Part of my morning routine has become watching PBS cartoons with my son. It beats watching sports highlights, waiting to find out how the Reds lost this time.
One of my favorites is "Super Why!" (Their exclamation point, not mine -- I hate exclamation points!!!) The characters in the series use books to learn lessons and solve problems.
Teaching kids the concept that reading can teach you lessons about real life is definitely a good thing. I approve.
This morning, Whyatt (AKA Super Why) heard his baby sister say her first word: "Why," his nickname. However, his parents and brother didn't believe him.
So, Whyatt ventures off to Storybook Village for a meeting with his storybook friends Princess Pea, Little Red Riding Hood and Pig (the "littlest" of the Three Little Pigs).
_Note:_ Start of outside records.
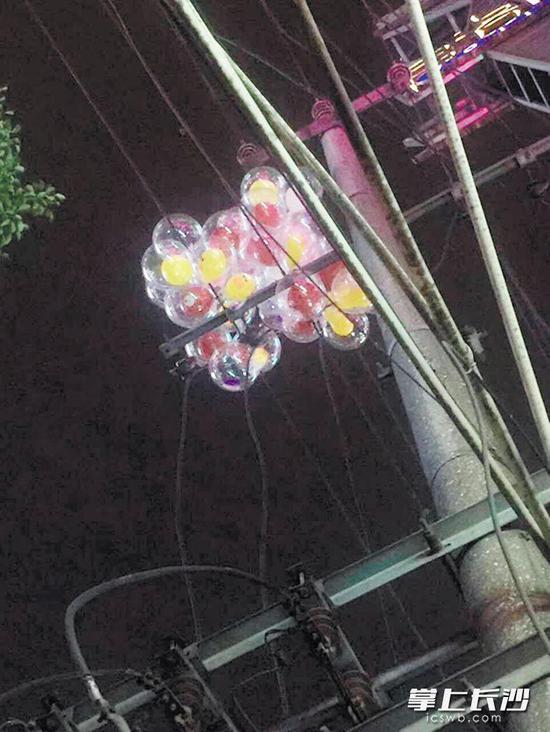 一大捧气球挂在电线杆的横梁上,取不下来了。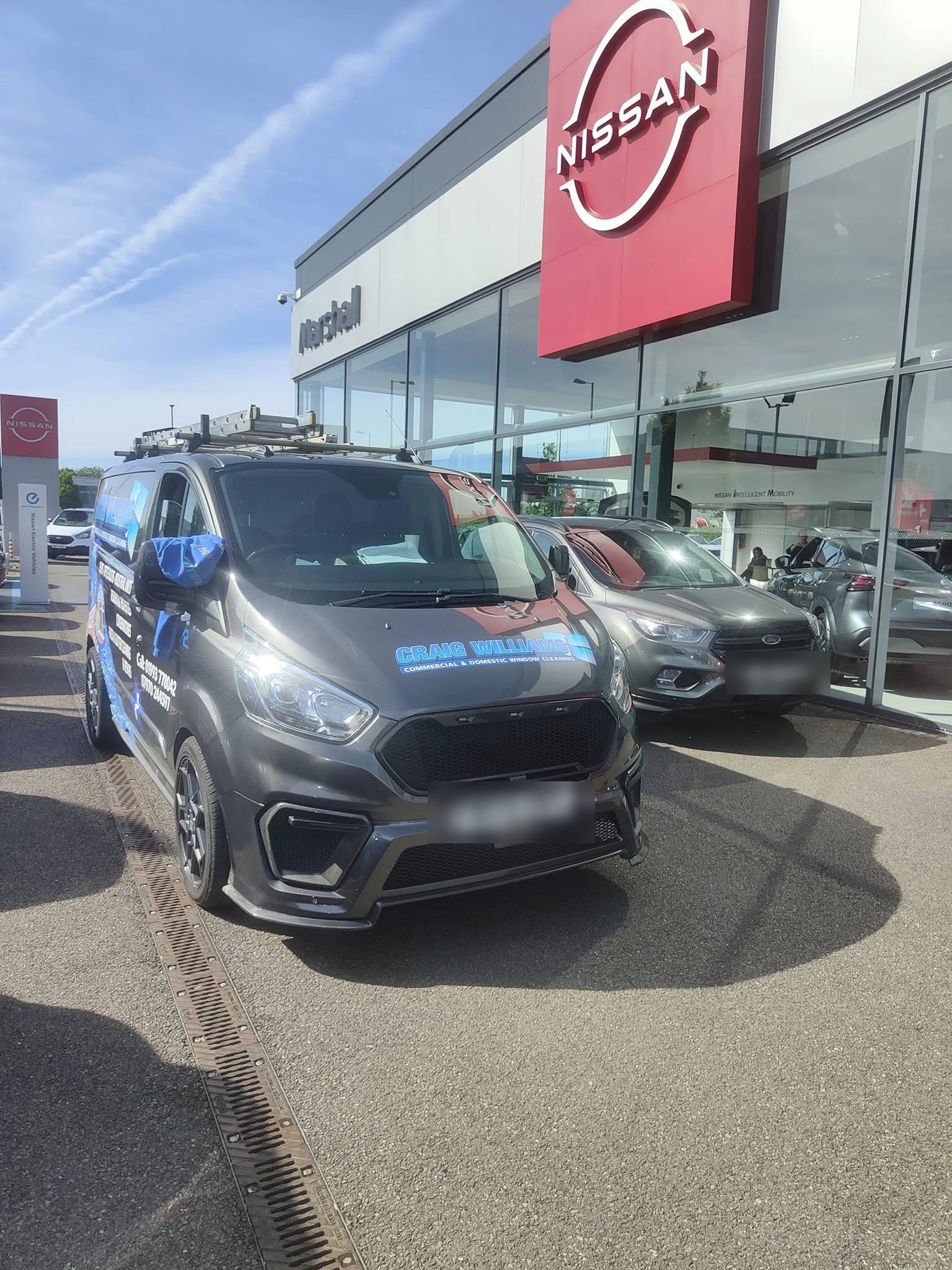 The Craig Williams van parked outside a car showroom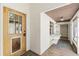 Enclosed porch entrance with wooden door, adjacent window and shelving along the side at 1115 Pennsylvania Ave, Palm Harbor, FL 34683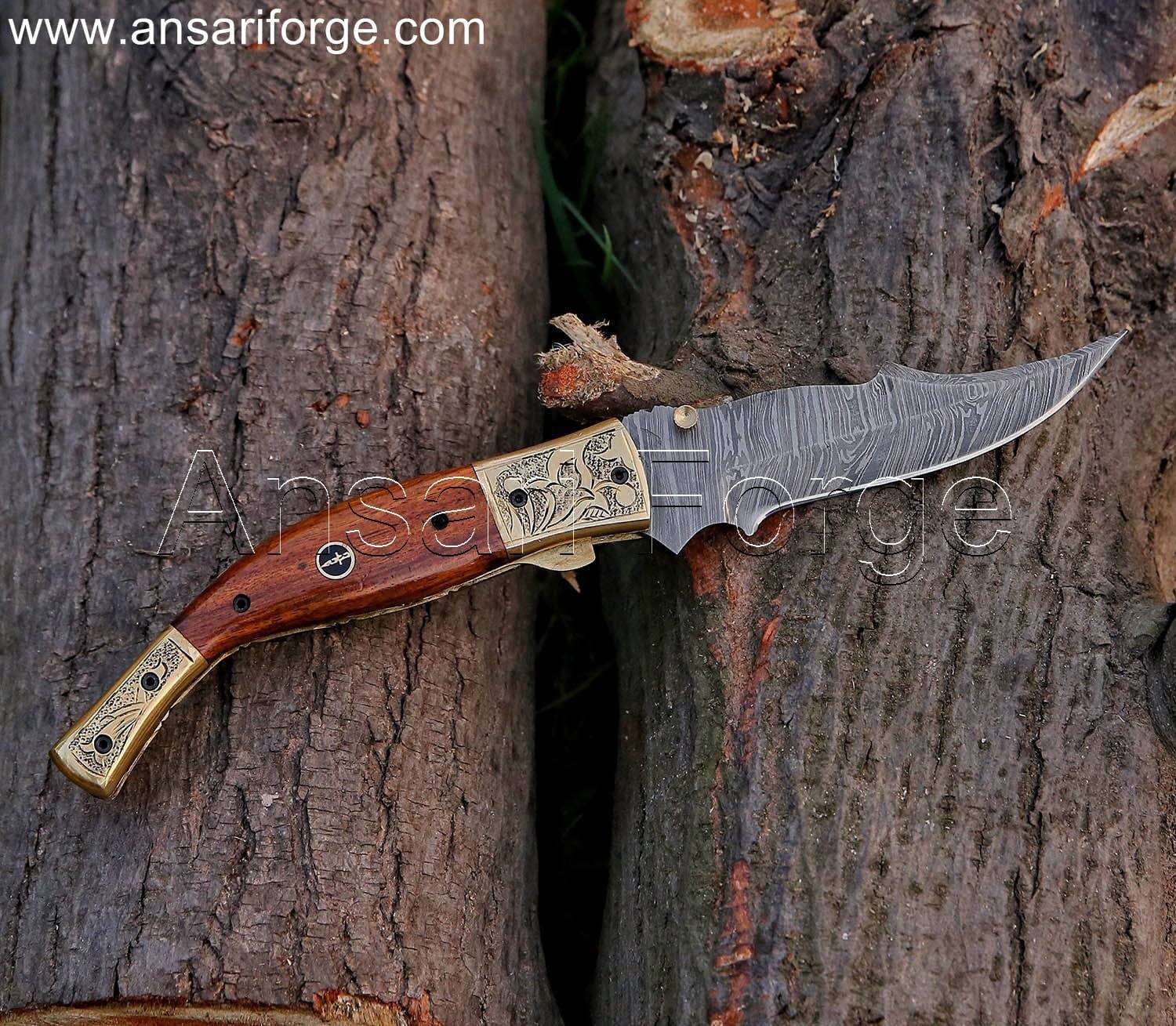 Damascus Folding Knife with a twist pattern blade, walnut wood handle, and engraved brass bolsters, displayed open.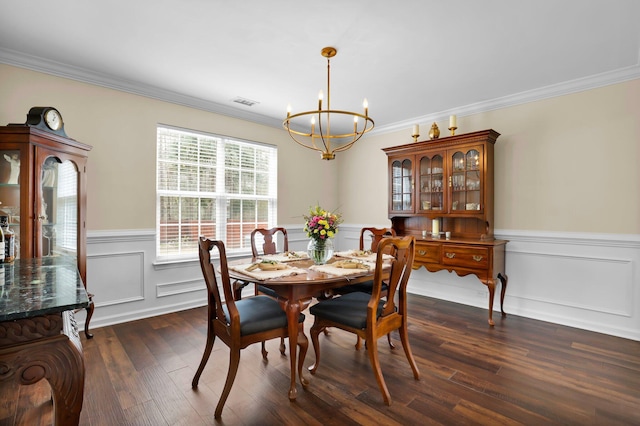 dining room featuring an inviting chandelier, wainscoting, dark wood-type flooring, and ornamental molding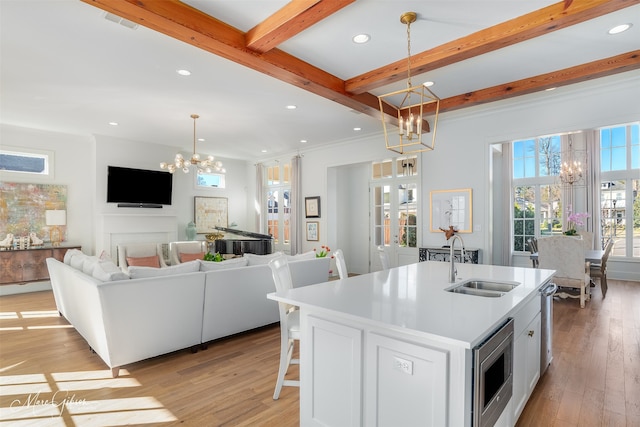 kitchen featuring a center island with sink, decorative light fixtures, white cabinetry, and beam ceiling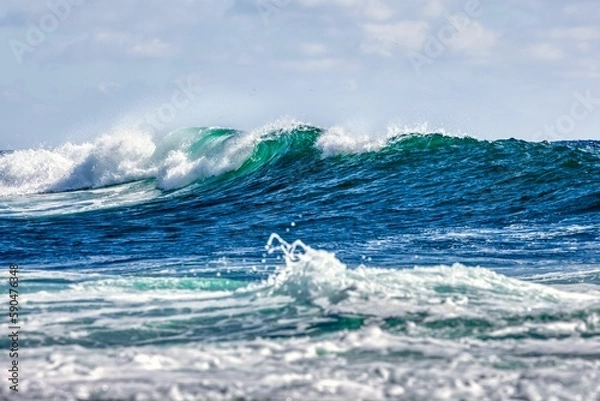 Fototapeta White foamy splashing waves on the beach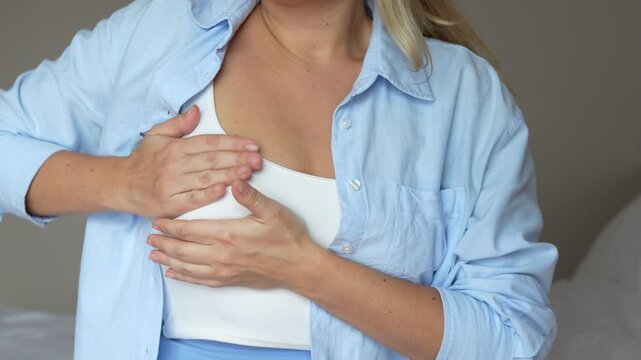 The girl suffering from a pain in her breast during menstruation. Cropped shot of young blonde woman checking breast feeling discomfort on a grey background. Self-examination 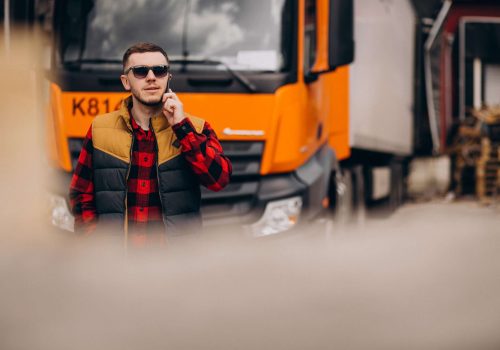 Handsome man truck driver standing by the truck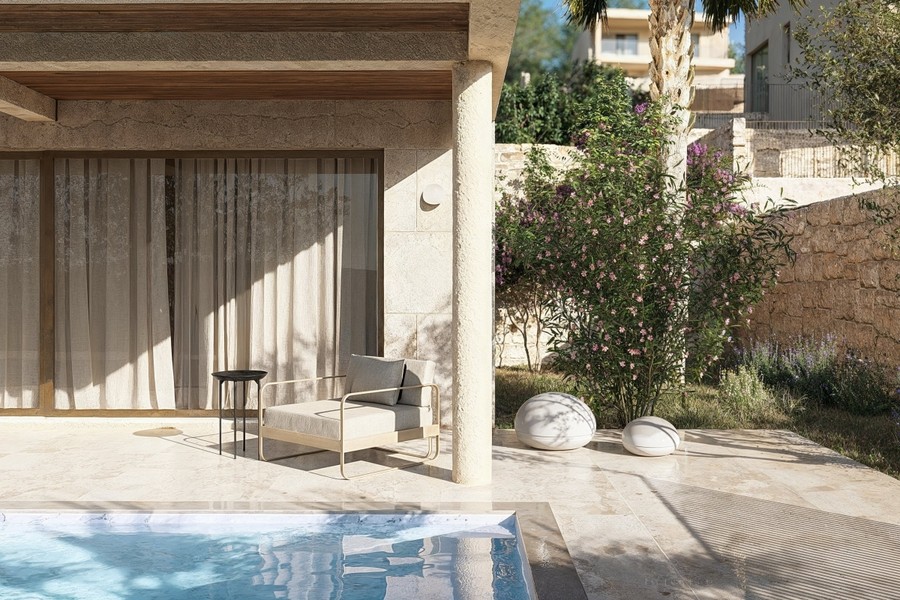 Coin salon sur la terrasse au bord de la piscine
Together, they read "The Boy Who Cried Wolf," who has a similar experience to Whyatt's, in that nobody believes him.
As the story is told by the cartoon, the boy sees the wolf multiple times. Every time he calls people to come see the wolf, it departs before the arrive. So nobody believes him. The scenario repeats itself three or four times before the boy finally gets everyone to see the wolf and believe him.
Anyone else see a problem with this? Pardon my poor English, but that ain't the way Aesop told it.
As we all (should) know, "The Boy Who Cried Wolf" was a shepherd boy who got bored and tired of sitting on the hillside all alone. He realized that if he "cried wolf," it would create a stir, get people to come out to the hillside and make him less bored.
He gets lectured on his poor behavior but never changes his ways.
Of course, by the end, no one believes the lying little brat so when the wolf really comes, he cries "Wolf. Wolf! WOOOLF!!!" But no one comes. The wolf eats all the sheep. I think in some more grisly versions, he also eats the boy.
The lesson is pretty simple -- Aesop's pretty good at making it obvious. Don't lie, children. Don't lie or the sheep will die. You might die as well.
I guess all I can say is, "Thank you, PBS, for providing quality children's programming. But please stop messing with classic stories."
I don't want my son growing up not properly understanding what it means to "cry wolf."
(And for anyone who was wondering, Whyatt goes back home and tells his family how disappointed he is that no one believed him. They all apologize, and baby sister finally says "Why" for everyone else. Much like Aesop is good at obvious morals, cartoons are good at tidy endings.)